The success of the Stockyards was due to its location with access to trains, but, with the advent of the trucking industry, the location became less and less convenient for transporting livestock. Eventually, all government operations in the area closed their doors in January of 1994.
Enter Rainhard Brewing Company
Private meatpacking companies continued to operate in the area until 2014. As they were moving on, the area was beginning its renaissance, and Rainhard Brewing Company has had its hands in helping to make change here.
Opening in May of 2015, the brewery does not merely brew quality beer, but also houses a large tap room ready to serve the community. It’s a sizeable area, with a number of picnic tables set up beside an L-shaped bar. Barrels are displayed at the other end of the room behind a projection screen. Pinball machines flash lights against the front wall. Fermentation tanks sit in the back behind everything. (For the full gallery of photos, click here.)
There are a lot of events that can be held in a space like this. And Rainhard takes advantage of its space, holding local restaurant and food truck ‘pop-ups’ within the brewery on a weekly basis (Grandmama’s Waffles were there with their colourful and delicious waffles the day I visited). The brewery sometimes has local musicians perform, and in the summer they host a punk rock show.
With pop-ups, performers, picnic tables and pinball machines, the community can certainly come together and feel comfortable here.
And while Rainhard has provided a space for the community to come together to have fun and unwind, Rainhard also encouraged development in the area in another way: by bringing their friends. Both Shacklands and Junction Craft breweries moved in on either side of Rainhard on Symes Road in 2017 and ’18, respectively, creating a craft beer hub for the community to grow around.
Building a Craft Beer Community
Craft beer helps build communities, and with these three breweries, the Stockyards is ripe for expanding its community.

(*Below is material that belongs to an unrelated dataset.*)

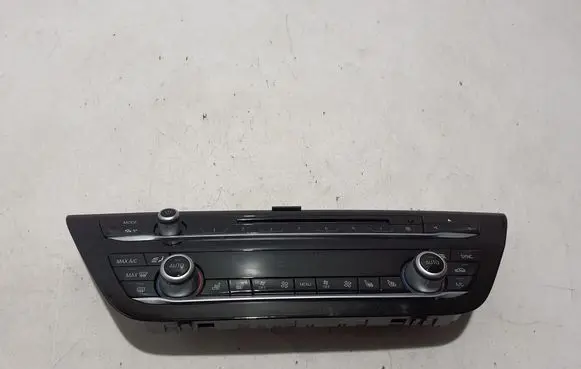 BMW 5 G30 G31 G38 Air conditioner control unit module 6826852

Indeed, the breweries’ presence have not gone unnoticed, as the area is beginning to be known by a different name: the “Aleyards”.

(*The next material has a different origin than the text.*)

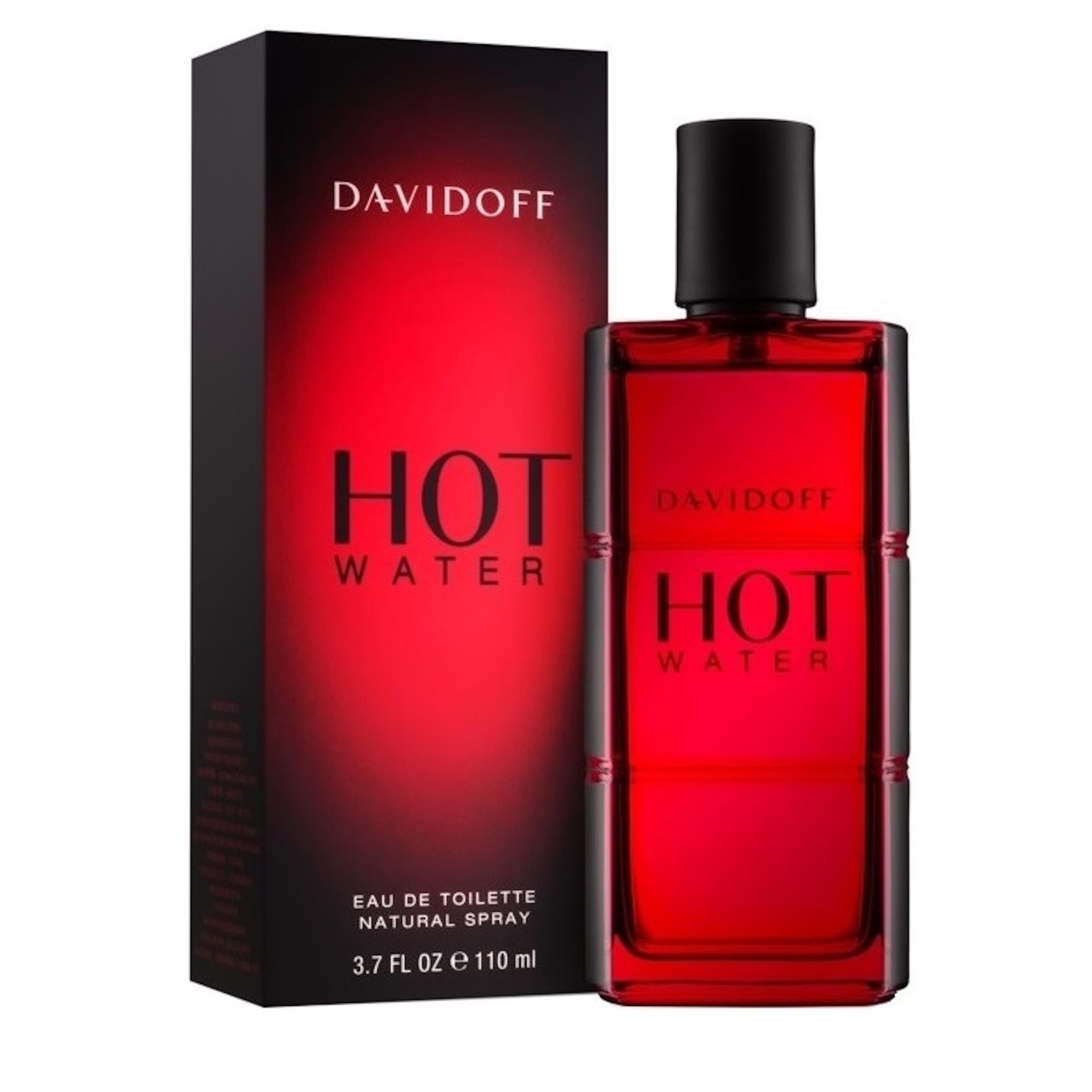 Foto 3 pulgar | Perfume Davidoff Zino Hot Water Eau De Toilette 110 Ml Para Hombre - Venta Internacional.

While the three breweries support each other in numerous ways (often they borrow each others supplies when one is out of stock of something, e.g.), they all have their own unique philosophies and aims with their products. Rainhard Brewing Company prides itself on its commitment to produce everything it can by hand. Grain is mashed by hand, and it is also mixed by hand; Jordan Rainhard, the owner and brewmaster, built the taproom bar himself, by hand.
The concern with using one’s own hands in order to have the utmost control and to pay the closest attention possible to the details is a philosophy that drives the Rainhard brand. Great products often need that personal touch. And, as Jeremy was clear to tell me, you don’t have “craft” unless you have hands making it.
The People Behind Rainhard Brewing Company’s Beer
Jordan Rainhard is the owner and brewmaster at Rainhard Brewing Company. He leads a team of 9-10 employees, and I had the pleasure of speaking with a few of them when I visited.
This included Mat Diorio. Mat’s a brewer on Jordan’s team, and is an excellent compliment to the brewery’s philosophy. Confident and focused, he insists that his favourite Rainhard beer is “the next one [he] is making.” The statement expresses an attitude of not simply always striving to improve, but also knowing full well he can. I like that.
Mat also insists that “pants are the enemy.” Comfort is important, and apparently pants don’t cut it here at Rainhard.
This was a good lesson for me specifically: I certainly now know that I will not be pairing any Rainhard brews with pants. With statements like Mat’s, it’s obvious that these beers were never made to wear pants. Their beers are clearly made to be more free, and made to have less constraint, than anything in pants…
So conversely then, pantless beers: now there’s a pairing.
No Pants? Then you DO get Service.
Kenny Conway, a cellarman and brewer, not only loves Toronto, the film “Scott Pilgrim VS the World” and the Rainhard brew, “Brett Coast” (an IPA brewed with Brettanomyces yeast), but also, like Mat, he is a hater of pants(!).
I really wasn’t quite sure what to think about this ‘no pants’ thing at this point, but their collective working philosophy, expressed this way, certainly seemed to hinge on feeling comfortable. Given their commitment to producing by hand, maybe this made a lot of sense.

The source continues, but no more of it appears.